Work task: An exact transcription of every record below is required, with the pictures left out.

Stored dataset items

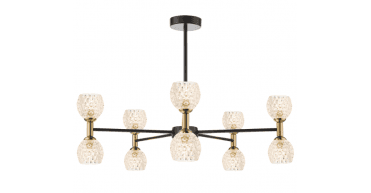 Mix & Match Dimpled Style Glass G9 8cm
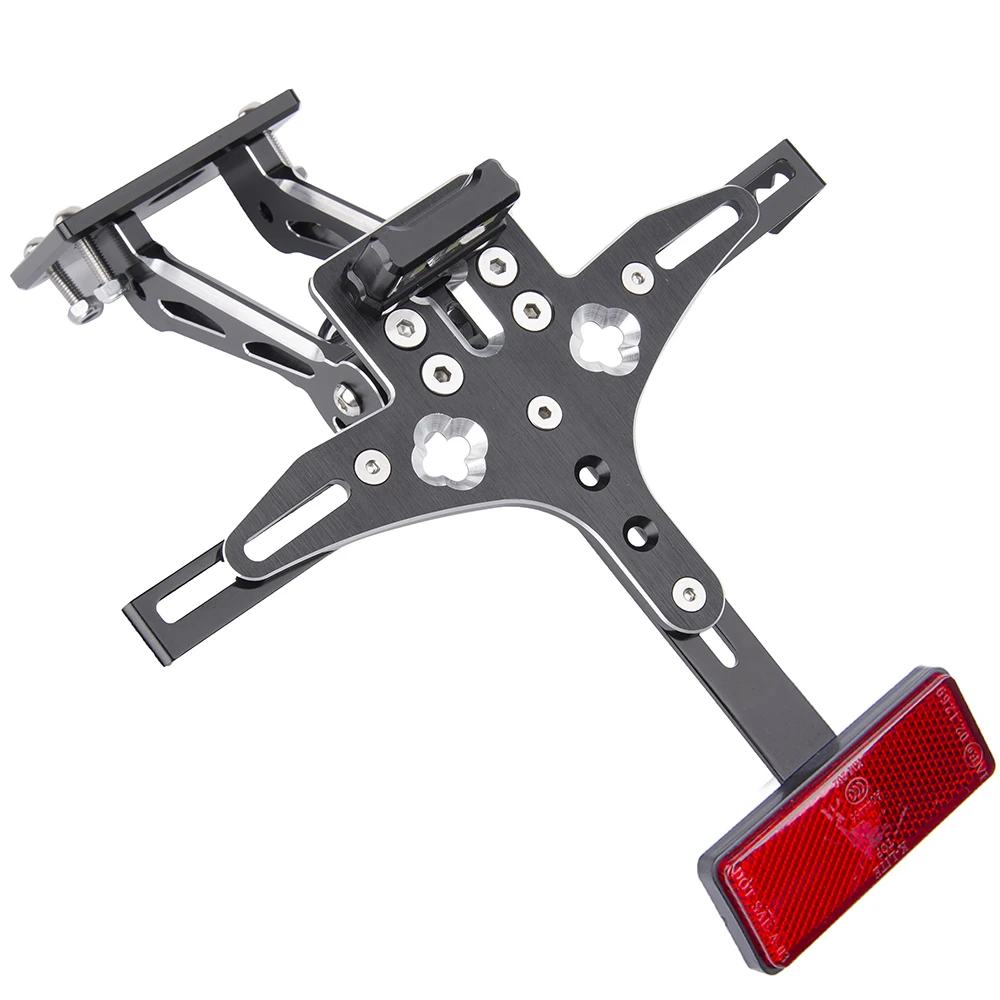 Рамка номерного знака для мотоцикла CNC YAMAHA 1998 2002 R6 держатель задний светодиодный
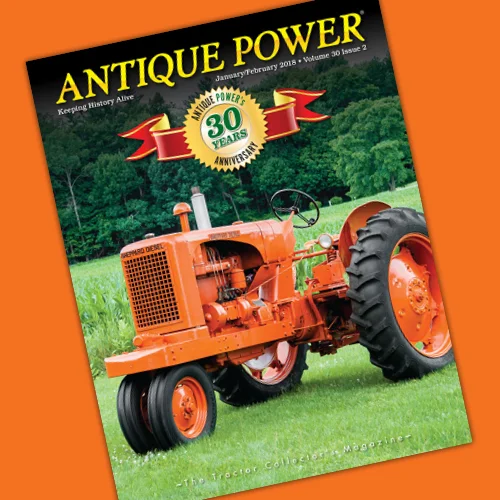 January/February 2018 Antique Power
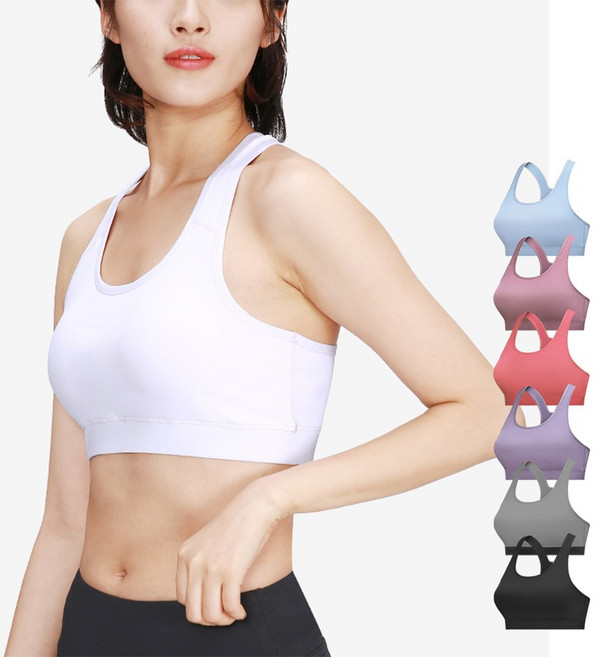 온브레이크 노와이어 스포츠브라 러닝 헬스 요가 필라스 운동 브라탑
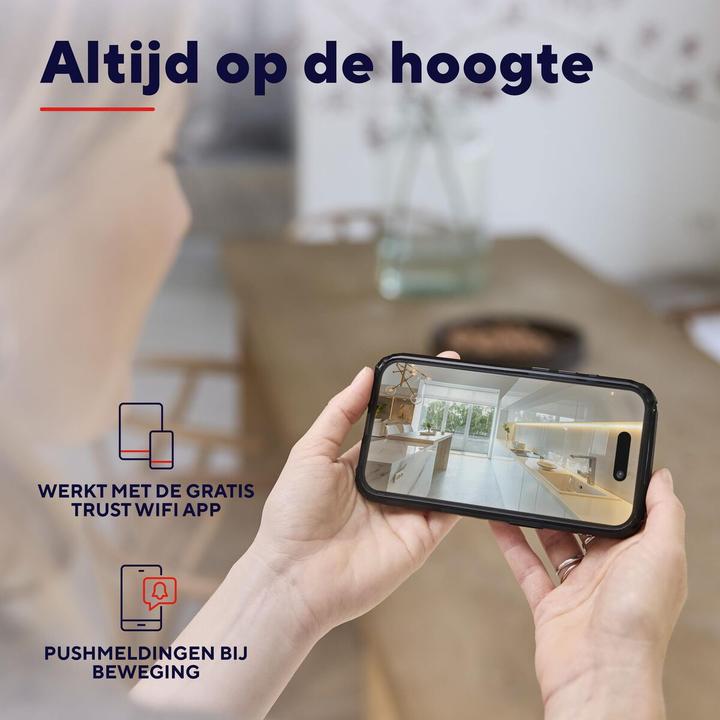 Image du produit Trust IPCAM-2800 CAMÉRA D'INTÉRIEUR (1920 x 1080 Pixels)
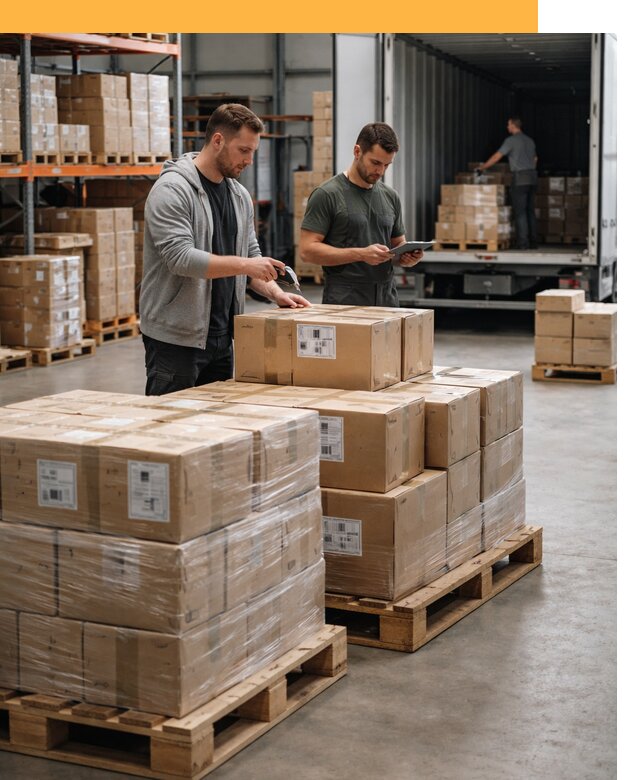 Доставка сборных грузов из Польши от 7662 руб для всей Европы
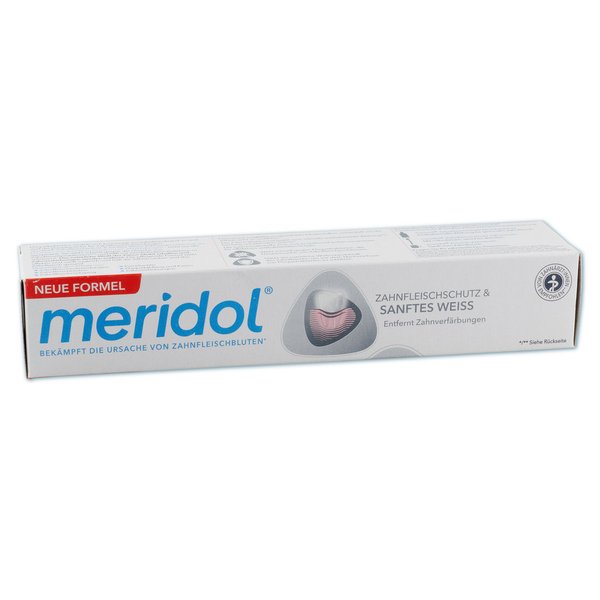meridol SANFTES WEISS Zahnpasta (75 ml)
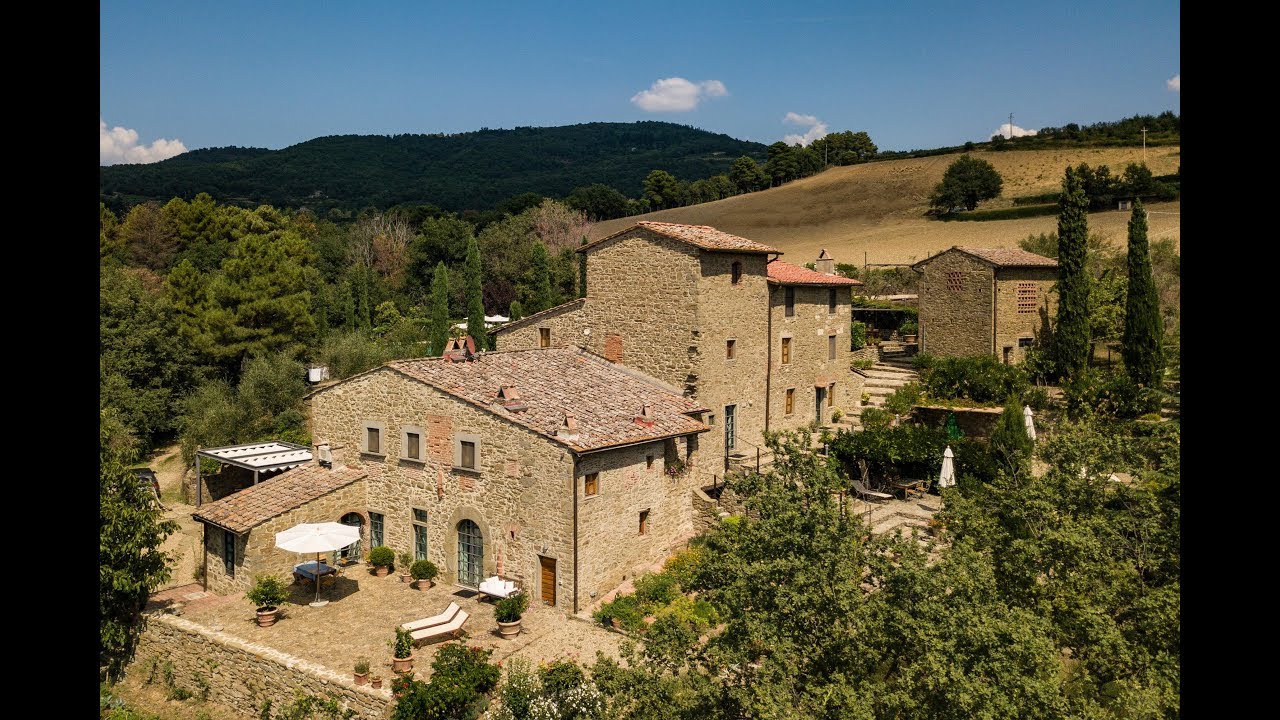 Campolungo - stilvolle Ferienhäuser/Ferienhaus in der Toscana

Result:
 Mix & Match Dimpled Style Glass G9 8cm
 Рамка номерного знака для мотоцикла CNC YAMAHA 1998 2002 R6 держатель задний светодиодный
 January/February 2018 Antique Power
 온브레이크 노와이어 스포츠브라 러닝 헬스 요가 필라스 운동 브라탑
 Image du produit Trust IPCAM-2800 CAMÉRA D'INTÉRIEUR (1920 x 1080 Pixels)
 Доставка сборных грузов из Польши от 7662 руб для всей Европы
meridol SANFTES WEISS Zahnpasta (75 ml)
 Campolungo - stilvolle Ferienhäuser/Ferienhaus in der Toscana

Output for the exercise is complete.